╔══

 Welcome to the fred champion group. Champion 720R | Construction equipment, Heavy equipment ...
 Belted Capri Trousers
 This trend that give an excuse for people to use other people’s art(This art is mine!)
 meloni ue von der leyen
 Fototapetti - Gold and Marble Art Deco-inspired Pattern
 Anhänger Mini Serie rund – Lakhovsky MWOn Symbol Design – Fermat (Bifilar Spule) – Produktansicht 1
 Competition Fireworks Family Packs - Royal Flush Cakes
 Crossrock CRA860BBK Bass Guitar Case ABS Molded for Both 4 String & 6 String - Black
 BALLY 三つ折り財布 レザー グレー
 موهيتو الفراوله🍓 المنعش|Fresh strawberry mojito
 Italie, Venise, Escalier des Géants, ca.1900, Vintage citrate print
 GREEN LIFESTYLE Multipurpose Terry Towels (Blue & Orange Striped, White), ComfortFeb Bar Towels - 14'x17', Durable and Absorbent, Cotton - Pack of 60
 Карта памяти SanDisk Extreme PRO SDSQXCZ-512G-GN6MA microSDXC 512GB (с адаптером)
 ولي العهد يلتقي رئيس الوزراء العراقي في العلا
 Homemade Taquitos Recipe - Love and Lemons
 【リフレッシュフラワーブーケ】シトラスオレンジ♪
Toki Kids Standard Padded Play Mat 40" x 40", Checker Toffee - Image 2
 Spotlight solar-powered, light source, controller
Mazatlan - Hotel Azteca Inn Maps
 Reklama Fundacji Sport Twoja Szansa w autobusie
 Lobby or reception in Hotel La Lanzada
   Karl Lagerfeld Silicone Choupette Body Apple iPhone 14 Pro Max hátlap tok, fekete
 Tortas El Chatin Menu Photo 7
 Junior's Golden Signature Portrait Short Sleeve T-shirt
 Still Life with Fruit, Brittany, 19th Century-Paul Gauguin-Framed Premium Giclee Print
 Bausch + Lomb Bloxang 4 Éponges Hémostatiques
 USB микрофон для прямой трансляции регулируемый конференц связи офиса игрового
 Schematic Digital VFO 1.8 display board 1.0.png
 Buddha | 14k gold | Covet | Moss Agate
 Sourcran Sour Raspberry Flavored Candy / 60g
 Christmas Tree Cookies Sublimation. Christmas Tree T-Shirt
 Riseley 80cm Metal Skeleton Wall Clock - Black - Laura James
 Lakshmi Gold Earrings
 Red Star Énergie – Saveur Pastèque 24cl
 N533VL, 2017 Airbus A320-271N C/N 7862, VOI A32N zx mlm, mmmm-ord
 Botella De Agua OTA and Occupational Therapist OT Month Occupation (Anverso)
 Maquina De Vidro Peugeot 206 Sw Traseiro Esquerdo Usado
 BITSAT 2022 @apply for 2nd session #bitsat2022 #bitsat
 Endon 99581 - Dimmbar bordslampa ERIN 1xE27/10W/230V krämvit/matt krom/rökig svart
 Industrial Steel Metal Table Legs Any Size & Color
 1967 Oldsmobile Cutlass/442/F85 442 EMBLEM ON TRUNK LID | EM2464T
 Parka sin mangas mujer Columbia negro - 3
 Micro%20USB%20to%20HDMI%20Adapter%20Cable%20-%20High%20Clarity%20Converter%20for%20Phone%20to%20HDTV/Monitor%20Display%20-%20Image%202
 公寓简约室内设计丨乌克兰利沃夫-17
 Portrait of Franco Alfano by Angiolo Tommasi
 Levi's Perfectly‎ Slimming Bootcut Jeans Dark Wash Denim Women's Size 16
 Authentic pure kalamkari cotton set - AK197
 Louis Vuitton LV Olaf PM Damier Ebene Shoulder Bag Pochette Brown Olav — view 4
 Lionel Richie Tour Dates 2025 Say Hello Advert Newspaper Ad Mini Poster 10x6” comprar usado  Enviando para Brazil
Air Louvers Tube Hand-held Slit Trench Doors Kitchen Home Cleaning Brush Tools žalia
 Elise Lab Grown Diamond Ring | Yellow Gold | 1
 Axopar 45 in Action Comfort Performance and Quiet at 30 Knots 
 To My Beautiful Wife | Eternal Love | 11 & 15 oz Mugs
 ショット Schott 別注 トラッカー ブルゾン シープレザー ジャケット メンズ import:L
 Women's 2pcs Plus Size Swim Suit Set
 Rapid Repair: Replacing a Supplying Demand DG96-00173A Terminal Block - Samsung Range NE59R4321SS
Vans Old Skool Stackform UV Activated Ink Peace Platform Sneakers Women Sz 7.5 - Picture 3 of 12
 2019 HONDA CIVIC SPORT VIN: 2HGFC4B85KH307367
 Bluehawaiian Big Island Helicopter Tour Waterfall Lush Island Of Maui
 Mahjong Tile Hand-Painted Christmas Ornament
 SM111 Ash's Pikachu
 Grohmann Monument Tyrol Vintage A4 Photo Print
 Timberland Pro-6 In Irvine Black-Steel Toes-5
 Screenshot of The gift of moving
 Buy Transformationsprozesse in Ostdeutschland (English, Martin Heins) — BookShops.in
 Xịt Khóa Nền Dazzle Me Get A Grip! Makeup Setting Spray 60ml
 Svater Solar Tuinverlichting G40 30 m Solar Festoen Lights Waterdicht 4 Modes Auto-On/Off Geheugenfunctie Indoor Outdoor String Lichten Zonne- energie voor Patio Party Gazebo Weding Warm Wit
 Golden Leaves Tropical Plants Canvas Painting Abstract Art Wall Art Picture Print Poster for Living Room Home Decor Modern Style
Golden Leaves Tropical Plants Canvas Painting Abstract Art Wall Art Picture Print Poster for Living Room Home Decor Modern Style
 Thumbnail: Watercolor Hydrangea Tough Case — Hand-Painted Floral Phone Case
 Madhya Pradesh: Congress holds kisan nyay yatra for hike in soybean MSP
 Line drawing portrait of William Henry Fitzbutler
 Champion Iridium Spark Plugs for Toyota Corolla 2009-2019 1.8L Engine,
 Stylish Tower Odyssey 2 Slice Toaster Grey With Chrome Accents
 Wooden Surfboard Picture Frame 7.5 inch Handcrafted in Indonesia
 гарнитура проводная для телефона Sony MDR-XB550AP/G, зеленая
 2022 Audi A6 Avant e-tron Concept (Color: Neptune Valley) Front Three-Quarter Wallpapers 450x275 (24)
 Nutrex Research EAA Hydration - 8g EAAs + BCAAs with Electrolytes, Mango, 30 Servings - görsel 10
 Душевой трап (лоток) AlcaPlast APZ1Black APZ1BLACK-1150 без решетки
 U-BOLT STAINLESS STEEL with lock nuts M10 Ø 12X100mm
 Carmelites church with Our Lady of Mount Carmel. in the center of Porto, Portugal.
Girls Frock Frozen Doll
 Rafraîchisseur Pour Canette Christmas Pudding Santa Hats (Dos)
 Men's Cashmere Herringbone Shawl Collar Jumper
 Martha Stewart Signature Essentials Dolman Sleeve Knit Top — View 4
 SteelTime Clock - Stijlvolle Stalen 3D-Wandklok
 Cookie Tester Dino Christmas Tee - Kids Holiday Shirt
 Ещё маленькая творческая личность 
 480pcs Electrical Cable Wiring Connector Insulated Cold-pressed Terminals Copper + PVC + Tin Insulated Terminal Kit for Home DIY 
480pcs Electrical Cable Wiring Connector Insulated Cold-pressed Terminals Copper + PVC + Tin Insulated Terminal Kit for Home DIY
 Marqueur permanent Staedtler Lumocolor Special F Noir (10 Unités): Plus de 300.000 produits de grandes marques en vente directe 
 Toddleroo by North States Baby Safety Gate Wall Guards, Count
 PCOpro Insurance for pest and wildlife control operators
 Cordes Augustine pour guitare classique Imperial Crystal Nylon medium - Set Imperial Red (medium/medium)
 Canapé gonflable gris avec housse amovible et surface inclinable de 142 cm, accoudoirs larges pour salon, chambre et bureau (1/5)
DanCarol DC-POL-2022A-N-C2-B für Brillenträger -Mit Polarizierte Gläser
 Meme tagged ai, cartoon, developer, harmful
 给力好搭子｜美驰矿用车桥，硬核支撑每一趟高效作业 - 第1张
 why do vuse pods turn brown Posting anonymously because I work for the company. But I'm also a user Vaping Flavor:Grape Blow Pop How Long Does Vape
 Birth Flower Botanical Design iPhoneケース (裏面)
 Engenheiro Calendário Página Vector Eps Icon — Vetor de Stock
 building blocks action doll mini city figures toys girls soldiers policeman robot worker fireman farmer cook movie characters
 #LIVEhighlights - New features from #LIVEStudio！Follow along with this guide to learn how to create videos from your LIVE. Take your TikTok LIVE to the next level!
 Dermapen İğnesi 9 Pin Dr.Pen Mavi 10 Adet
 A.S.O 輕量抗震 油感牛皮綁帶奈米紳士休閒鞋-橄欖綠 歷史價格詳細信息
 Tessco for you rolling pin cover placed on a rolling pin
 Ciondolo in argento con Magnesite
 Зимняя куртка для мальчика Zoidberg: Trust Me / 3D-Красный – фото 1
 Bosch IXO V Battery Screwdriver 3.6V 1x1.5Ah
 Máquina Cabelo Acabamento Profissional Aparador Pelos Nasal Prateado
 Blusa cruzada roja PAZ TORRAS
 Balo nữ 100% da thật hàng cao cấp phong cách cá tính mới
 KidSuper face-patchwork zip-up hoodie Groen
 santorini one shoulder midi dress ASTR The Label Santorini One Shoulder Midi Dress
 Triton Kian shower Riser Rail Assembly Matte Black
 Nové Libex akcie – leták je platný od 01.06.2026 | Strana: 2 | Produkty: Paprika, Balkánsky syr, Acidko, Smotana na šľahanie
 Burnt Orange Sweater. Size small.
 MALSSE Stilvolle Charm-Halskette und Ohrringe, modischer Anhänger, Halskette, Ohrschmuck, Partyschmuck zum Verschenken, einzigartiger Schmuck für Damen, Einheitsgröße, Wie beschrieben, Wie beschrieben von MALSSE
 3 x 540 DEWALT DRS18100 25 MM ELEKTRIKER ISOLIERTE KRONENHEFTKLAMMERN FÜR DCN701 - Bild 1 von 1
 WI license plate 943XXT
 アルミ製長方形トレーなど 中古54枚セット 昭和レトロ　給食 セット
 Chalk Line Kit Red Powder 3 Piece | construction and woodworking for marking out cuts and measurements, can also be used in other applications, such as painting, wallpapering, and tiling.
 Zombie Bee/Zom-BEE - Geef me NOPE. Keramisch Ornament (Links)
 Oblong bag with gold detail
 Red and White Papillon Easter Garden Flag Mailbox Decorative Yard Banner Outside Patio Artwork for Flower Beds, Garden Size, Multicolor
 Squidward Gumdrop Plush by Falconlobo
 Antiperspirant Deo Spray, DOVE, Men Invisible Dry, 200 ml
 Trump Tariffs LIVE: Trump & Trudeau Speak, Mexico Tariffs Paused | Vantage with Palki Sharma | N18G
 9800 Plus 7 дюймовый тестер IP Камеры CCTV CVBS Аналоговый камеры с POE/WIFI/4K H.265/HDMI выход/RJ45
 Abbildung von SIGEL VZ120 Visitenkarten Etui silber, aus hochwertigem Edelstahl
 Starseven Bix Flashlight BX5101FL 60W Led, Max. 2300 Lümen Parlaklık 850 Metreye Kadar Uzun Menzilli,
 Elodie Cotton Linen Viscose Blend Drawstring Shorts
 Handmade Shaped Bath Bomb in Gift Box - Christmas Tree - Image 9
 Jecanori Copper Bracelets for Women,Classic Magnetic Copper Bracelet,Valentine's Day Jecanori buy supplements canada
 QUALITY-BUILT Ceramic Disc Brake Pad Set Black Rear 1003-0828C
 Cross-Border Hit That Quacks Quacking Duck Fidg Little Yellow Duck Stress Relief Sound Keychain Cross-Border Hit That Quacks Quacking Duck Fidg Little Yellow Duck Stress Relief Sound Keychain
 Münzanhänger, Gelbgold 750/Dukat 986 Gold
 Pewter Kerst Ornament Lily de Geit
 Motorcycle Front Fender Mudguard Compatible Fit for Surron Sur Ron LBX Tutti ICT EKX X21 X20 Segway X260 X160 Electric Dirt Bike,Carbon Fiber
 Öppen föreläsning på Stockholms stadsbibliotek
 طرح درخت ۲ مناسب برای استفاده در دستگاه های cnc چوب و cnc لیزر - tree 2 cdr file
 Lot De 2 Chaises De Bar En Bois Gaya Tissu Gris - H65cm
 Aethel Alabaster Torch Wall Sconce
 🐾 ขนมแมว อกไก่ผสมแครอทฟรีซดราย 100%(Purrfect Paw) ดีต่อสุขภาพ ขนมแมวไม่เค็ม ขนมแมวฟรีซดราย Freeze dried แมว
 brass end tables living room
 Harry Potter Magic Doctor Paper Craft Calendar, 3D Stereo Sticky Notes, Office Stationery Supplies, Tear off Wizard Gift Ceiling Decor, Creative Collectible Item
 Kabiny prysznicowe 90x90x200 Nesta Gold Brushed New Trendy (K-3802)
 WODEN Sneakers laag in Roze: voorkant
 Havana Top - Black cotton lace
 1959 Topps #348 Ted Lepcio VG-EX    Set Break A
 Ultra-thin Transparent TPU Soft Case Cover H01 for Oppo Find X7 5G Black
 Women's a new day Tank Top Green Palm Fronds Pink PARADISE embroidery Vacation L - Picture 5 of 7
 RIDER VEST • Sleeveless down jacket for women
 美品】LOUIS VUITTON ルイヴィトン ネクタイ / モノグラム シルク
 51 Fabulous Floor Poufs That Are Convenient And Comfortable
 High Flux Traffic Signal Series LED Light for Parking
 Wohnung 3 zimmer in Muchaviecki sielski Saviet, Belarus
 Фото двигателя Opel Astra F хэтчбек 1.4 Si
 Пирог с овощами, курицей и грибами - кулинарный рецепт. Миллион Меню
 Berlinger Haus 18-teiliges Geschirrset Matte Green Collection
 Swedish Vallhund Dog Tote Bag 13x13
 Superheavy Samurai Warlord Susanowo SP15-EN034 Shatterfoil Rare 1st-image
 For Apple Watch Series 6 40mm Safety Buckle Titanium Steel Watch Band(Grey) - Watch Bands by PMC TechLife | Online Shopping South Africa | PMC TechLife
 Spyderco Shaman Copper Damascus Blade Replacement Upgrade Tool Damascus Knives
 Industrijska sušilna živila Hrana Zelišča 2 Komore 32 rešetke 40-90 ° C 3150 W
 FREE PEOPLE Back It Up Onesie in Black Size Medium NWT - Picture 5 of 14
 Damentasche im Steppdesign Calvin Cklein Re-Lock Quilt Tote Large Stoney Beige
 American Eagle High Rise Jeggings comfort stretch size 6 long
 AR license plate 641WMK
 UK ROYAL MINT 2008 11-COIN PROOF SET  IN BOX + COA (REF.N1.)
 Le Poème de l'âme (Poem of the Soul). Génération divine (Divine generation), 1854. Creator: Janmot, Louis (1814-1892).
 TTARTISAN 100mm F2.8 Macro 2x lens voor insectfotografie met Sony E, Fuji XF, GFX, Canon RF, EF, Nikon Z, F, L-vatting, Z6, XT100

╚══

#### [TO DO]
The first line of the records begins the span, and the line containing "Bausch + Lomb" ends it. Reproduce that span exactly, both ends included.

#### [FINAL ANSWER]
 Welcome to the fred champion group. Champion 720R | Construction equipment, Heavy equipment ...
 Belted Capri Trousers
 This trend that give an excuse for people to use other people’s art(This art is mine!)
 meloni ue von der leyen
 Fototapetti - Gold and Marble Art Deco-inspired Pattern
 Anhänger Mini Serie rund – Lakhovsky MWOn Symbol Design – Fermat (Bifilar Spule) – Produktansicht 1
 Competition Fireworks Family Packs - Royal Flush Cakes
 Crossrock CRA860BBK Bass Guitar Case ABS Molded for Both 4 String & 6 String - Black
 BALLY 三つ折り財布 レザー グレー
 موهيتو الفراوله🍓 المنعش|Fresh strawberry mojito
 Italie, Venise, Escalier des Géants, ca.1900, Vintage citrate print
 GREEN LIFESTYLE Multipurpose Terry Towels (Blue & Orange Striped, White), ComfortFeb Bar Towels - 14'x17', Durable and Absorbent, Cotton - Pack of 60
 Карта памяти SanDisk Extreme PRO SDSQXCZ-512G-GN6MA microSDXC 512GB (с адаптером)
 ولي العهد يلتقي رئيس الوزراء العراقي في العلا
 Homemade Taquitos Recipe - Love and Lemons
 【リフレッシュフラワーブーケ】シトラスオレンジ♪
Toki Kids Standard Padded Play Mat 40" x 40", Checker Toffee - Image 2
 Spotlight solar-powered, light source, controller
Mazatlan - Hotel Azteca Inn Maps
 Reklama Fundacji Sport Twoja Szansa w autobusie
 Lobby or reception in Hotel La Lanzada
   Karl Lagerfeld Silicone Choupette Body Apple iPhone 14 Pro Max hátlap tok, fekete
 Tortas El Chatin Menu Photo 7
 Junior's Golden Signature Portrait Short Sleeve T-shirt
 Still Life with Fruit, Brittany, 19th Century-Paul Gauguin-Framed Premium Giclee Print
 Bausch + Lomb Bloxang 4 Éponges Hémostatiques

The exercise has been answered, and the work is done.